Table 2.
Pharmacological management.
| Therapeutic Domain | Evidence Base | Typical Dose Range Reported | Key Findings |
|---|---|---|---|
| Benzodiazepines (BZDs) | 27/35 manuscripts, >700 pts | IV/IM lorazepam (2–6 mg), diazepam (10 mg TID), midazolam (1 mg) | Universal first-line agent for agitation, convulsions, or catatonia. As a monotherapy, it achieved full clinical resolution of mild-to-moderate intoxications within 6–24 h. |
| Typical antipsychotics | 10/35 manuscripts (mainly from Eastern Europe) | Haloperidol (5–30 mg/day), IM chlorpromazine | Effective for florid psychosis but required high doses and close QT/EP symptom monitoring. |
| Second-generation antipsychotics (SGAs) | 22/35 manuscripts | Olanzapine (10–20 mg/day), risperidone (2–6 mg/day), aripiprazole (10–20 mg/day) | Favored in Western cohorts; usually started after BZD. Time to remission: 24–72 h.

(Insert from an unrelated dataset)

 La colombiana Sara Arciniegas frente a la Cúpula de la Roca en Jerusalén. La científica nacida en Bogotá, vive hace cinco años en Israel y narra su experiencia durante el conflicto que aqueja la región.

Adherence problems prompted two reports of LAI paliperidone. |
| Clozapine | 3 resistant cases | 50–150 mg/day (adult), 12.5–50 mg/day (older PD patient) | Robust improvement where ≥2 other antipsychotics failed. Effective at lower doses than in primary schizophrenia. |
| Anesthetic agents | 2 case series/reports | Propofol bolus/infusion | Enabled surgical airway or globe-repair procedures after extreme agitation or self-injury. |
| Detox/supportive care | Pediatric and ED cohorts | IV crystalloids, oxygen, B vitamins | In total, 70% of 1898 ED attendees required no psychotropics once hydrated and observed in a low-stimulus setting. |
Abbreviations: BZDs = benzodiazepines; IV = intravenous; IM = intramuscular; TID = three times daily; SGAs = second-generation antipsychotics; LAI = long-acting injectable; PD = Parkinson’s disease; ED = emergency department; QT = QT interval; EP = extrapyramidal.